Recorded data -
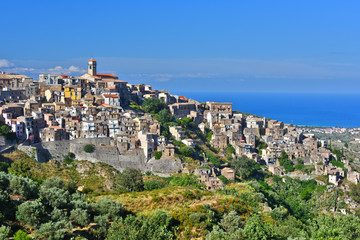 The village of Badolato, Calabria, Italy
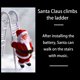 thumbnail image 5 of Juguete de escalada eléctrico Figura de muñeca de Papá Noel Adorno de Navidad con música, Escalera de escalada Inevent FN000041-02B, 5 of 7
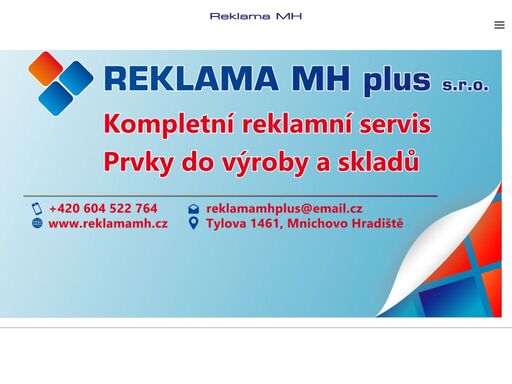 reklama mh, výroba reklam a značení mnichovo hradiště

Exercise directions - Would you give the material back exactly, minus the pictures?

Completed task -
 The village of Badolato, Calabria, Italy
 thumbnail image 5 of Juguete de escalada eléctrico Figura de muñeca de Papá Noel Adorno de Navidad con música, Escalera de escalada Inevent FN000041-02B, 5 of 7
 reklama mh, výroba reklam a značení mnichovo hradiště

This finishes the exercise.